There’s a reason why this thought is so paralyzing, and that is the fear of rejection is tied directly to the fear of death. In his amazing book, The Gift of Fear, Gavin de Becker goes into much more detail on the how and why of this, but simply put: In the most basic part of our brains, we still link rejection from the group to imminent death. Therefore, it’s much, much safer not to produce anything that can be judged or hated.
This fear goes even deeper, though. It has its sinister claws in something even more relevant to us than our survival.
Fear of failure, particularly in a field we’re passionate about, ties to losing our very identity.
We have egos, all of us, which latch on to the world around us and begin identifying with things outside ourselves.
“I like this band, therefore, I become this band, and any criticism of my favorite band can cause me pain.”
Look at sporting events—how many times are people killed in the resulting brawls after one team defeats another?
And this is a sport that we might only watch. Imagine how potent the influence on our ego of something we created. Something we did. If I write a book, in a way, I feel that I am that book. And the problem with that mentality is that there are people who are going to hate that book.
If I identify with the book—if I feel I am the book—then this ridicule is no longer directed at an object (a book), it is directed at the very core of me, the very fiber of my being. It is attacking who I am, and the statement, “This book fails to entertain me,” becomes “You have failed at being you.”

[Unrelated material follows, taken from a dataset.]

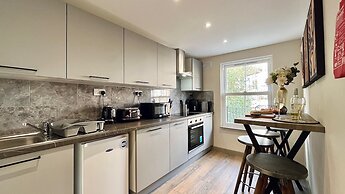 Battersea Serviced Studio Apartments
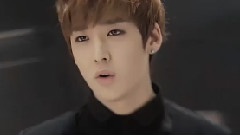 U-Kiss - Distance...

But you’re not your book. Your book is a collection of words strung together on a series of pages that tell a story. Sure, you wrote it, but that doesn’t make it you.
So, for your long-term fear battling strategies, remember that the fear is irrational. It’s rooted in two very core parts of your psyche: Your survival and your identity. The fear creates a knee-jerk reaction that prevents calm, rational thought and creates an environment where failure is so dangerous, so destructive, that you are best off giving up on the whole endeavor before you even begin.
There is power in knowing this. There is tremendous power in recognizing the fear for what it is. This is the equivalent of standing in a dark room, then turning on the light. It might still be creepy, but at least you can see.
Here’s a strategy for dealing with resistance: Next time you feel it rise up within you, start by letting it hit you full-force. Don’t fight it, don’t try to suppress it, just let that wave of fear or doubt or whatever it is wash over you.
The sensation, once left alone, can only last about 7 to 12 seconds. (Suppressed, it can fester for years.)
Once the initial wave of dread has passed, take a deep breath, and say to yourself, “I recognize that I am afraid. I recognize that failure scares me. I’m OK with this — I’m going to do this anyway, even though I’m afraid.”
Will your fear magically disappear? No, but you’ll have taken control of the situation, and you’ll have gone from knee-jerk panic reaction to decisive and in charge. You don’t have to be fearless, you just have to take deliberate, conscious action.
Life unfolds in proportion to your courage — will you be your biggest obstacle, or your greatest ally?